Supercinema
Uscito sul finire del 2018 Ad ogni buca, quinto album del bergamasco Caso, nome d’arte di Andrea Casali, è anche il suo più denso e ricco di spunti. Chi lo segue da anni vi ritroverà il consueto taglio introverso e paranarrativo, l’abilità nel chiudere, all’interno delle canzoni, vicende articolate, spesso autosufficienti. Però mai come rispetto ai lavori precedenti la voce qui va oltre l’accumulo di dettagli e l’affastellamento di parole, dedicando un’attenzione inedita al canto come atto puro, sollevando la melodia da una certa soggezione stilistica. Il risultato finale è struggente, e dà l’impressione di trovarsi davanti alla versione più vicina alla verità del suo autore, a un lavoro-specchio.
“Supercinema”, che chiude Ad ogni buca, ne è anche il climax. Una lunga canzone che si inserisce nel ristretto ma glorioso filone delle canzoni a tema cinematografico, da “Al cinema” di Lucio Battisti a “Ombre e luce” di Ivano Fossati, proponendone un’interpretazione raramente così drammatica. In “Supercinema” il narratore veste il ruolo di gestore di una sala cinematografica nella quale ogni sera, come un’ossessione insanabile, viene proiettato il film della sua storia d’amore terminata malamente (l’ultima mezzora del film-relazione, per dire, è completamente senza dialoghi). La descrizione della sequenza e quella della relazione intrecciano i reciproci piani: così l’abbandonato e afflitto Caso si ritrova a riconoscere la pessima sceneggiatura dell’opera, a scoprirsi attore secondario, personaggio qualunque (come un cinema qualunque, certo non d’essai), spesso fuori fuoco; allo stesso modo, questa sala dà l’impressione di stare decadendo irreversibilmente, tra poster che si staccano dalle pareti, oggetti dimenticati e un generale senso di polveroso e stantio, di morente.

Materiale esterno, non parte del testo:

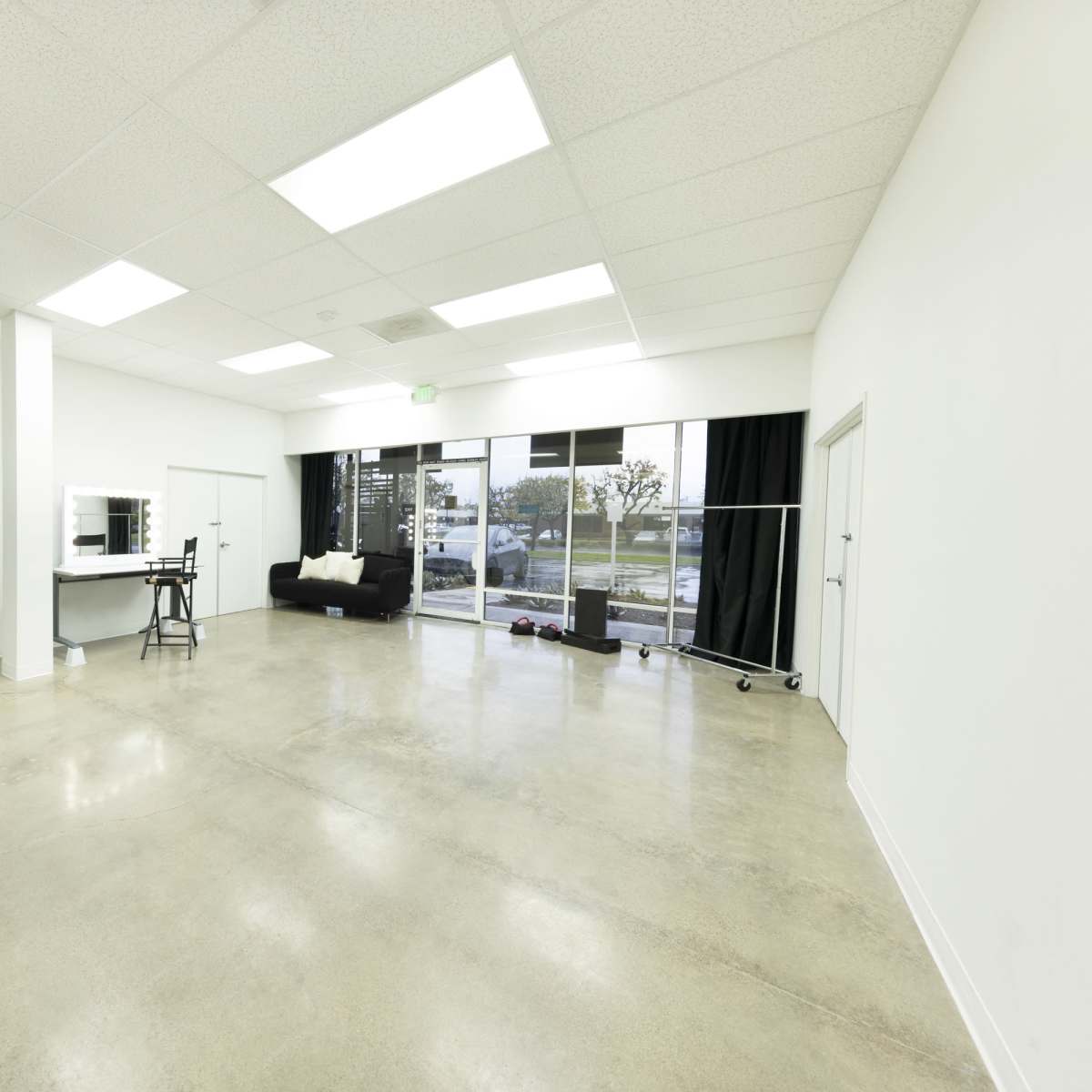 An empty room with polished concrete flooring, a large window, a black curtain, a mirror, a vanity setup, and a pink chair.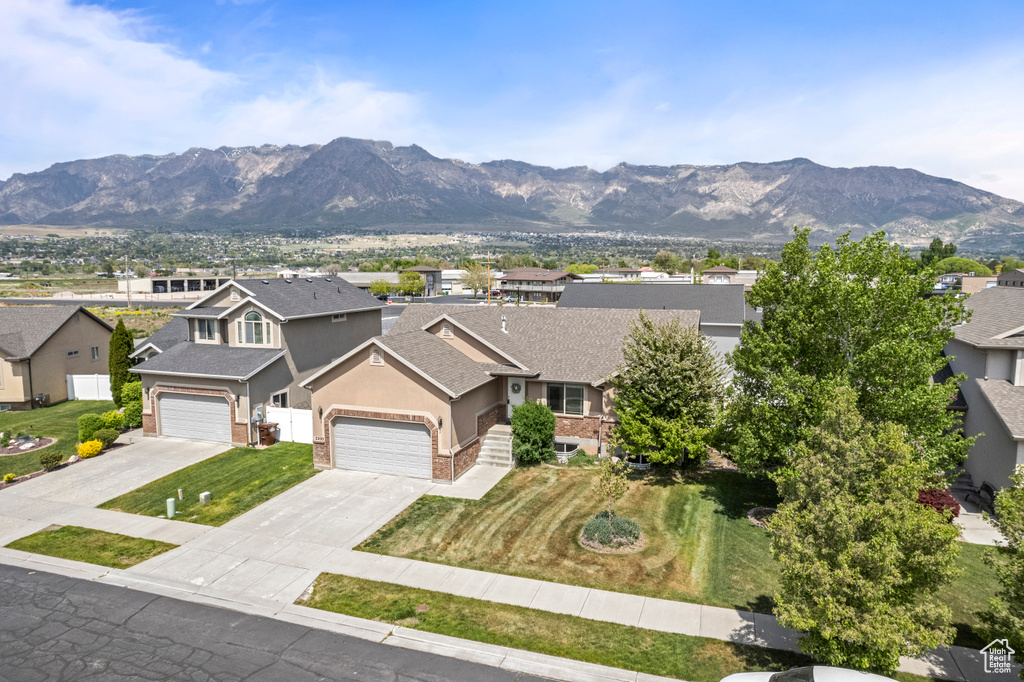 View of front of house featuring roof with shingles, a mountain view, driveway, a residential view, and stucco siding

L’abilità descrittiva è straordinaria, così come lo è la capacità di utilizzare il vocabolario tipico del cinematografaro di nicchia, compiacendolo e allo stesso tempo parodiandone i vezzi (lui si sente “così distante da tutta quella gente che dice “bella la fotografia / Senza capirci niente”). Pur tesa da un senso di strazio che pare autentico, la voce fa ruotare la linea melodica senza il timore di toccare l’afflizione come la tenerezza, come fosse talmente a terra da essere libera. Di arrivare agli attesi titoli di coda, sfumati su una sequenza esclusivamente musicale, come la speranza di una liberazione definitiva: “Fine della storia, fine del piano-sequenza”.